Figure 3 - Top left image depicts a characterestic view of a traditional Wayang and the other images are examples of children's drawings in characterestic view of modern and non-traditional characters

Some characters are drawn with only one stick while others use a number of sticks. For children under age 7 years, it is easier to make Wayang with one stick. Within this technique of characteristic view, there are multiple ways of showing the view.  Most characteristic views are drawn with a lateral view that shows the leg and face. Other views are drawn from their front view that shows the chest and the hand. In my methodology, children’s participation starts by hearing a story. The messages in the story are important sources for imagination as children build upon their imaginative ideas about each character. Children then draw a character. By making these Wayang characters, they are able to visually express their imagination and stories about the characters that they create.  Figure 4 shows an example of a child verbally explaining the characters she has drawn.

Figure 4 - A child explaining the characters she has drawn

Children then make these drawings into a puppet and play with the Wayang characters by telling a story.
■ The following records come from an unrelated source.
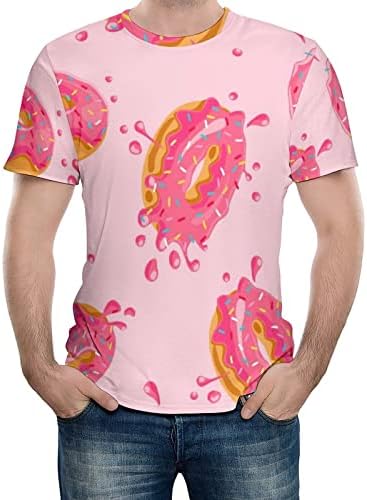 Weedkeycat sweet rosa donuts masculino impressão básica de manga curta camiseta curta manga curta Tops de treino
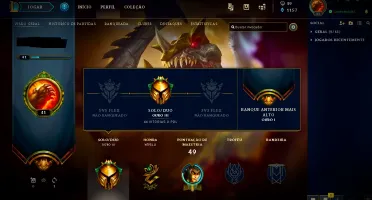Ouro com vários champs e skins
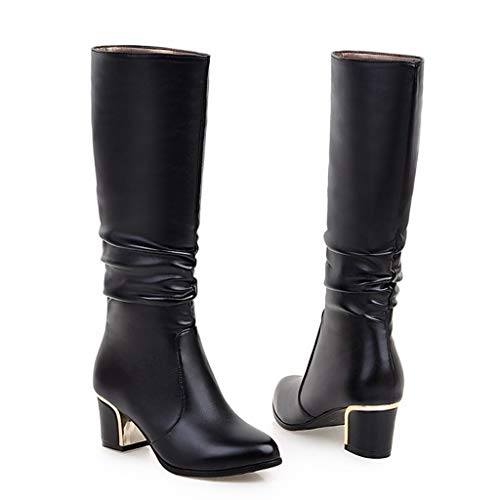 Botas para las mujeres botas hasta la rodilla botas de invierno de moda botas de punta puntiaguda sexy zapatos de tacón alto botas de nieve cálidas botas de trabajo, Negro, 6
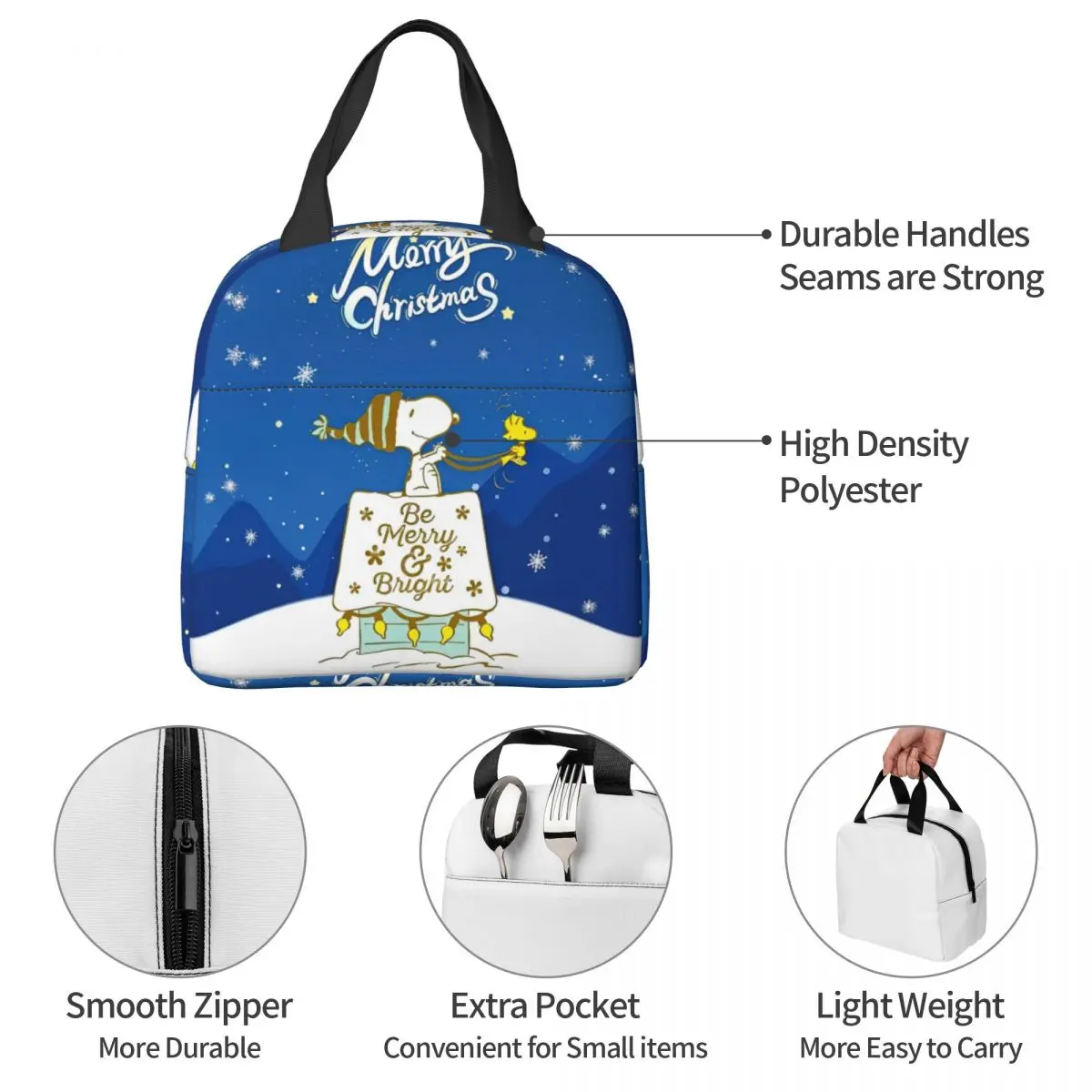 Cute Cartoon Snoopy Insulated Lunch Bags Thermal Bag Reusable High Capacity Lunch Box Tote Food Bag Office Travel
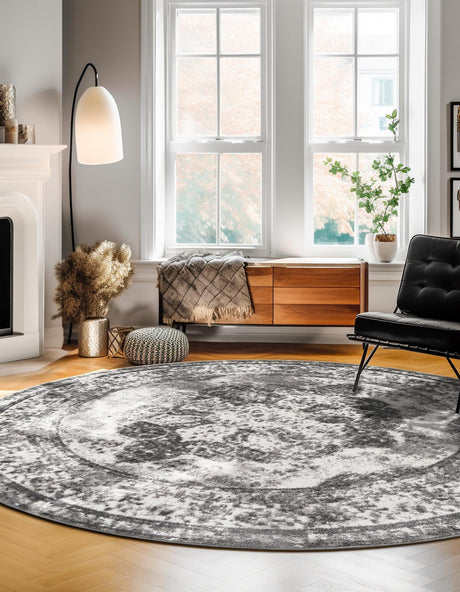 Gray 13' 1 x 13' 1 Sofia Round Area Rug Durable Easy Clean Stain Resistant Unique Carpet for Affordable Interior Home Design for Sale at Rug Engine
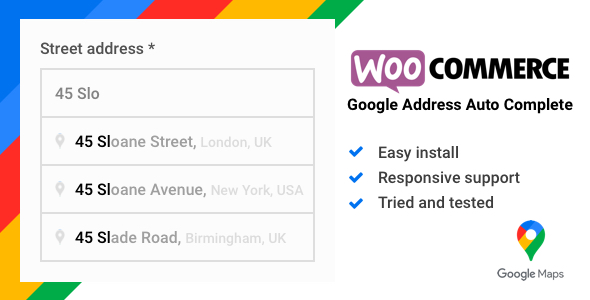 WooCommerce Google Address Auto Complete Preview Wordpress Plugin - Rating, Reviews, Demo & Download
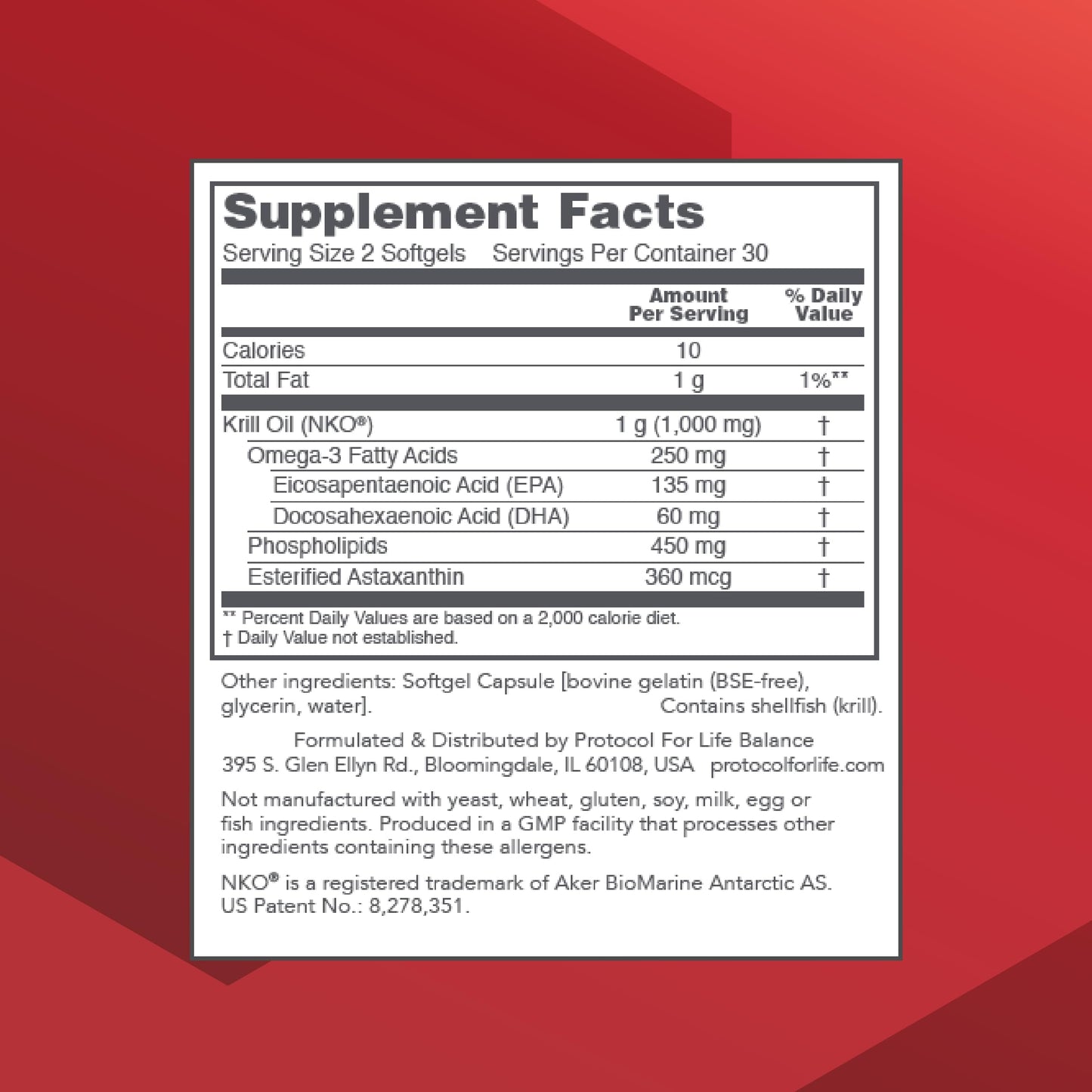 PROTOCOL FOR LIFE BALANCE Krill Oil 500mg - Krill Oil Supplement - DHA & EPA - with Astaxanthin - Supports Heart, Brain, Joints* - Non-GMO & Halal - 60 Softgels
Through these processes and the activity of role-playing, children are able to visually and verbally express their stories and the characters, which helps in enhancing their visual and verbal language skills. Traditionally, an orchestra, known as Gamelan, accompanies a Wayang performance, but in modern times, there are several variations and children may or may not use music or use a background that they create and so on. Children also play Wayang by using screen (see figure 5), which shows a traditional use of screen and an example of playing Wayang with an overhead projector. Wayang can also be played without the screen as seen in the bottom image of Figure 5.

Figure 5 - Children playing with Wayang

Children can play Wayang using a variety of techniques, such as  against a big drawing framed as a background or play with Wayang on stage like a theatre. In one program, children were encouraged to make the puppets with recycled objects and play with any kind of activity accompanied by background music (see figure 6). In this methodology, the learning happens through a creative process, whereby children draw on their own, narrate and role-play on their own, which enhances their imagination, visual and verbal skills whilst learning about traditions as well as other things.  
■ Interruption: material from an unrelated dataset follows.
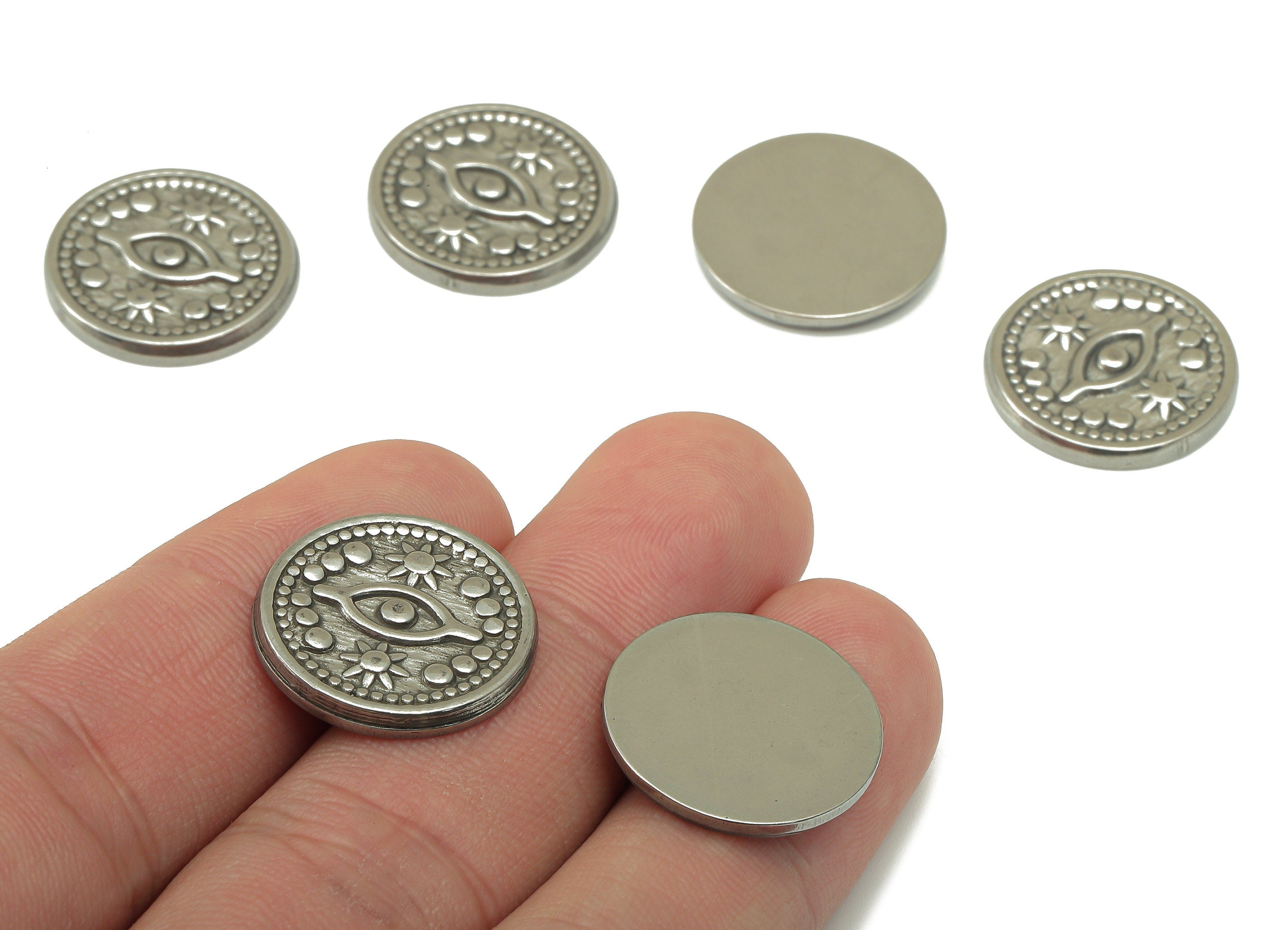 Stainless Steel Eye - Steel Round Sun Metal Disc - Stainless Steel -For Earring - Steel Dots Textured Eye Disc -18.2 x 15.5 x 2.86mm- SS1442 - DOMEDBAZAAR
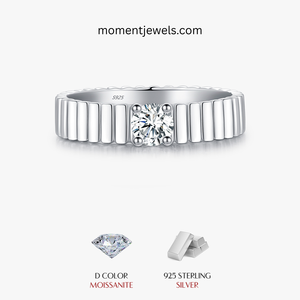 Bague en argent sterling 925 avec moissanite, style vintage simple unisexe, incrustation brillante, bague ronde pour le doigt, plaqué rhodium, bijoux fins pour moi - Product Image 1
Figure 6 - Children playing with Wayang characters using re-cycled materials

Nobody teaches the children to draw, because they already have their natural way of drawing that fits their growth and development (Tabrani, 2005). If the teacher teaches them, then there will be no room for creative exploration in their drawing. The teacher’s task is to motivate and facilitate the children with various themes and mediums. Even though the teachers do not deliberately teach these children how to draw Wayang, there are several similarities between the visual languages of the traditional Wayang Kulit and that of the Wayang made by children in their own way of drawing. 
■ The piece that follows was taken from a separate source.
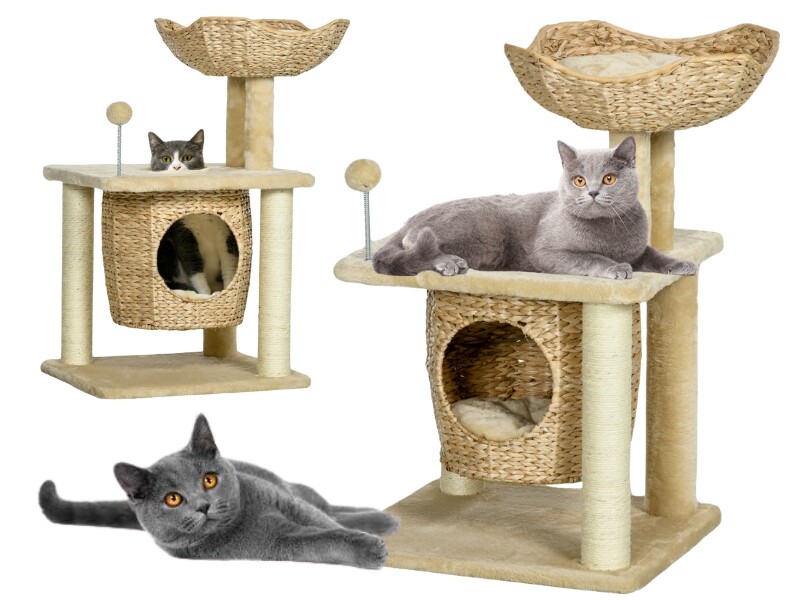 Škrabadlo Pro Pro Kočky S Velkým Pelíšek 45x40x74cm Pro Kočky Budíček Béžový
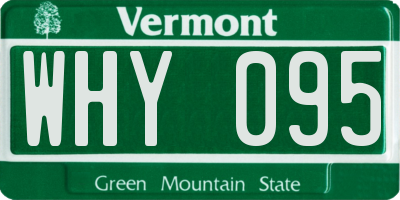 VT license plate WHY095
I have been using the Wayang as a creative learning process for several years and it has been observed that children learn, play, enjoy and have fun using the Wayang in a very productive as well as a creative way. Compared to the methodology of copying teachers's artwork, this has been very useful in enhancing children's creative abilities and thinking process. This methodology helps in building creative capacities in children which further optimize finer qualities of making conscious and independent choices, allowing them to respect their own cultural heritage as well as cultures of others. This methodology also helps in instiling finer qualities of making conscious and independent choices, which can optimize their creative capacities blending with their cultural heritage as well as cultures of others.  It is hoped that through this program, children can not only optimize their visual and verbal skills, learn and think creatively, but also value their cultural heritage as responsible and civic citizens of Indonesia. 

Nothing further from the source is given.